Joshua Landis, an American academic who specializes in the Middle East and is an expert on Syria, warned on April 27 that members of the Alawite religious minority were still being targeted amid silence from the country’s Islamist-led interim government.
In a post to the X social network, the researcher said that 13 Alawite civilians were killed in Homs and four others were killed in the capital, Damascus, in the last 24 hours, describing the murders as “summary executions.
“President [Ahmad] Sharaa is not speaking out about this,” he added.

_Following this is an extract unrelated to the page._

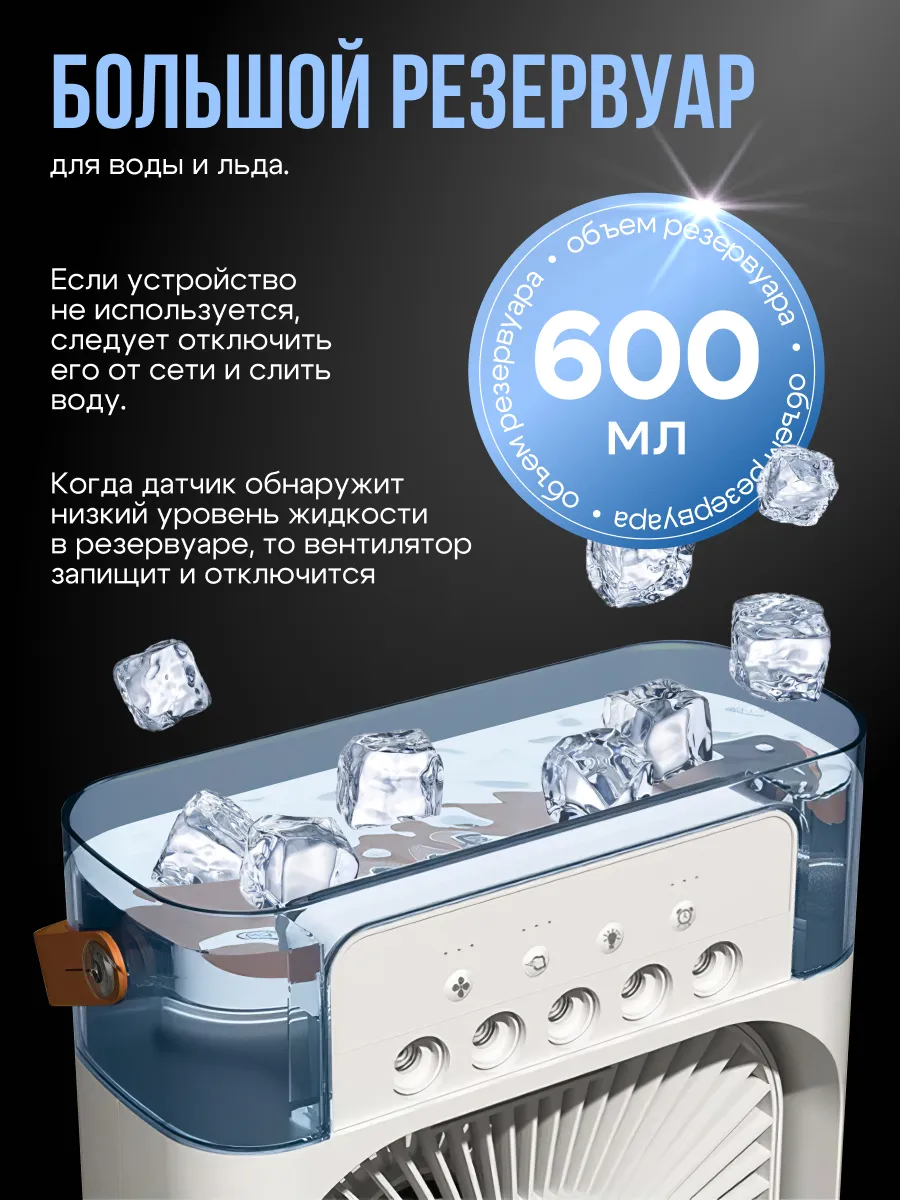 Кондиционер мини настольный комнатный вентилятор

Landis also noted that over 50 Alawite women have been abducted over the last two months. This was previously reported by the Syrian Observatory for Human Rights. The London-based monitoring group said that most of the abductions took place in Tartus and Latakia on the coast, the heartland of the Alawites, with the rest taking place in Hama and Homs.
“This is not to mention the 1,800 Alawite civilians killed on the coast in March, or the 8 Alawite villages north of Hama that have been completely cleansed,” he said.
“The government has done little if anything to stop these killings, many of which have been carried out by government forces,” he added.
The government crackdown in March displaced more than 20,000 Alawites to northern and eastern Lebanon with around 10,000 others taking shelter at Russia’s Khmeimim Air Base in Latakia. The numbers of refugees continue to grow.
Landis also published a video showing gunmen walking between two Alawite neighborhoods in Homs and chanting: “Homs is for Sunnis, Alawites get out of it.”
The researcher warned that sectarian killings complicate efforts by Western government to lift sanctions or to affirm that the interim government is doing “the right thing.”
In addition to all the violations mentioned by Landis, the government continues to imprison thousands of former soldiers and officers, mostly Alawites, who laid down their arms before the fall of the Assad regime last December. Many have been already reported to be dead as a result of torture or even summary executions.
So far, the government has done nothing to stop violence against Alawites. There is also no real dialogue between the government and the group.
In the face of this situation, Sheikh Ghazal Ghazal, head of the Supreme Alawite Islamic Council in Syria and Diaspora, and several other prominent leaders of the group renewed calls for international protection earlier this month. Some went as far as demanding the right of self-determination for the coast, hinting at the possibility of separating from Syria.